The book says Hogan didn’t take the concession call of his 2018 general election opponent, Ben Jealous, because the call came late and Hogan’s victory party was too noisy to hear him.
He describes that “things got fun” when he decided to rattle his 2014 Democratic opponent, then-Lt. Gov. Anthony G. Brown, at the start of a live debate. Hogan writes that he waited until the countdown clock had just a few seconds remaining, then leaned over to Brown and whispered that he could “see all your notes and read all your answers.” (Brown, now in Congress, says he does not remember that happening.)
In describing his 1992 debates with Hoyer, Hogan said he carried on at length about the House Bank scandal, attempting to tie Hoyer — who was eventually cleared of any involvement — to greenlighting the operation.
“By then, the veins were practically popping out of Hoyer’s head as he leaned over and hissed at me, “You’re such a [f----n’] liar, Hogan,” the governor writes. “I really thought he might take a swing at me. To tell you the truth, I was hoping he would.”
Hoyer, through a spokeswoman, said he did not recall the exchange nor using profane language.
Trump, of course, is famous for jabbing his rivals. In the book, Hogan writes that he has been bracing for the president to send venom his way, but it has not arrived.
“For a while, I’d been expecting to get one of Trump’s insulting nicknames. I figured it was coming any day now,” he wrote. “I assumed he would go with ‘Fat Larry,’ an obvious choice as I had admittedly put on some weight since my cancer battle. Or maybe ‘Cancer Boy.’ That would be a good one. But it didn’t happen.”
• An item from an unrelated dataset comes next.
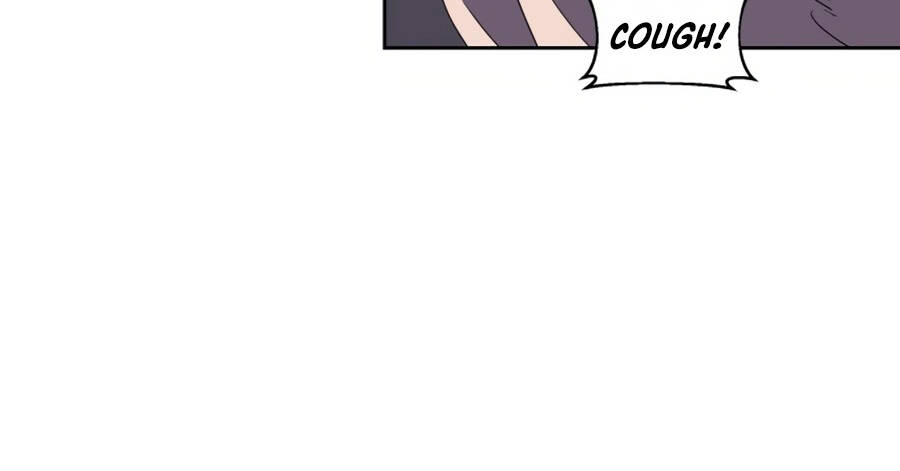 Sự Trả Thù Của Thợ Săn Quái Vật Chap 19.5 - Next Chap 20.5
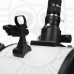 Телескоп Meade LightBridge Plus 10"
So far, Hogan said Monday, Trump appears to have largely ignored him and his memoir: “He’s been very reserved, and I’m not sure the reason for that. I mean, I’m glad. I’m not looking for a tussle.”
Hogan said he decided not to challenge Trump in the 2020 primary because the president’s deep appeal within the party base made it impossible to win. “Time will tell,” he added, whether future Republican primary voters will have an appetite for the brand of politics he’s trying to sell.
“Maybe there’s no market for that. And maybe the party will keep going in the direction it is, or maybe not,” Hogan said. “Maybe they’re going to reexamine themselves and get back to where the Republican Party used to be.”